When we divorced, we didn’t fight over who got what in terms of objects in the house. I got the majority of the kitchen stuff since I actually knew how to use it, and, likewise, he had the first pick of the outdoor gear. He took the grill and I didn’t miss it.
I hardly cooked at all in the first couple years following my divorce; I didn’t have much of an appetite due to stress. Sometimes people brought me food. I never much felt like making my own dinner after making meals for my (very particular) children, so I often settled for cheese and crackers or their leftovers. Less cooking meant less cleaning up, which suited me in my overworked state.
Then I had a conversation that would change my life. I was visiting my sister and brother-in-law with a boyfriend and I noticed they had the same grill I used to own. I watched my brother-in-law make burgers and thought, I can do that. After all, I’d already learned how to do many new things in the two years since my divorce.
The boyfriend tried to dissuade me, saying I could just come over to his house, where his identical grill lived, and eat food he’d cook for me. When he dumped me the next day—confusing, given the grill convo—I bought the grill for myself as a birthday present (yes, he did break up with me the week of my birthday).
I listened to Glennon Doyle and Brené Brown podcasts to psych myself up while I assembled the grill, concerned I would do it wrong and blow up my deck. I didn’t. I rolled it outside, correctly hooked up the propane, and flipped through the manual, deciding on the inaugural dish. I would grill something easy, something just for me. The manual had instructions for how hot to set the grill, how long to cook various meats and veggies, and the internal temperature meat should reach so it’s safe to eat. That’s it? That’s the extent of what grilling is? Yep. It’s that easy.
The first thing I made was a batch of cheeseburgers. One out of two children tried them. They were great. I didn’t do anything fancy; I didn’t spend hours chopping and marinating. I did almost no recipe research. I went on to make chicken, steak, corn on the cob, and grilled veggies, among other experiments. I noticed that in the warmer months I was motivated to eat more complex, nutritive meals, featuring lean meats (prepared without a lot of oil) and lots of veggies, which I do generally like but which tasted even better cooked over a flame. Everything turned out super, so long as I followed the rules of the grill.
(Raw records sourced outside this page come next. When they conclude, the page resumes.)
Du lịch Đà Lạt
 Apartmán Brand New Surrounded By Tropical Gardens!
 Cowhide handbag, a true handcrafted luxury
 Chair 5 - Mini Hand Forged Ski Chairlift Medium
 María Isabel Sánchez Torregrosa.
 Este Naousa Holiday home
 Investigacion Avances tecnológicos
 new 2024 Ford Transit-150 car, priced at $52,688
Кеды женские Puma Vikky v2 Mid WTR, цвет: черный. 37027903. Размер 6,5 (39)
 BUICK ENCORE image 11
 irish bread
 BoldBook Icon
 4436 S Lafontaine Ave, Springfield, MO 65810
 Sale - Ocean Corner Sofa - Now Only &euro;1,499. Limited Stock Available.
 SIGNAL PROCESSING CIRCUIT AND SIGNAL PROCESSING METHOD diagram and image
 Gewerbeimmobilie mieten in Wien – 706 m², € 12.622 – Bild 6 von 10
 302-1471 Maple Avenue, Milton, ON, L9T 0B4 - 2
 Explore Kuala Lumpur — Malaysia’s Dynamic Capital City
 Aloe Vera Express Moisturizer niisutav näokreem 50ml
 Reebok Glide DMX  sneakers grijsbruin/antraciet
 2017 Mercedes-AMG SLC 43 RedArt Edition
Now, like anything, you can complicate things if you want to. There are people who compose masterpieces on their grill grates, spend hours on the perfect blend of spices, and claim that it takes a certain innate finesse to succeed at becoming a true grill master. I call male BS. You start the grill. Let it heat. Put the food on it. Set a timer (probably five minutes). Beep. Flip. Beep. Check temp. Repeat as necessary. Serve. Eat. There are no pots and pans to scour afterwards. Just brush the grill (highly satisfying) and wash the dishes.
I shouldn’t feel so accomplished for conquering something so easy, but perhaps realizing how simple it can be is the accomplishment in itself. There are enough areas of life that require the aid of another person or a special set of skills to achieve. With grilling, victory came with realizing that I just needed to read the manual and do it myself.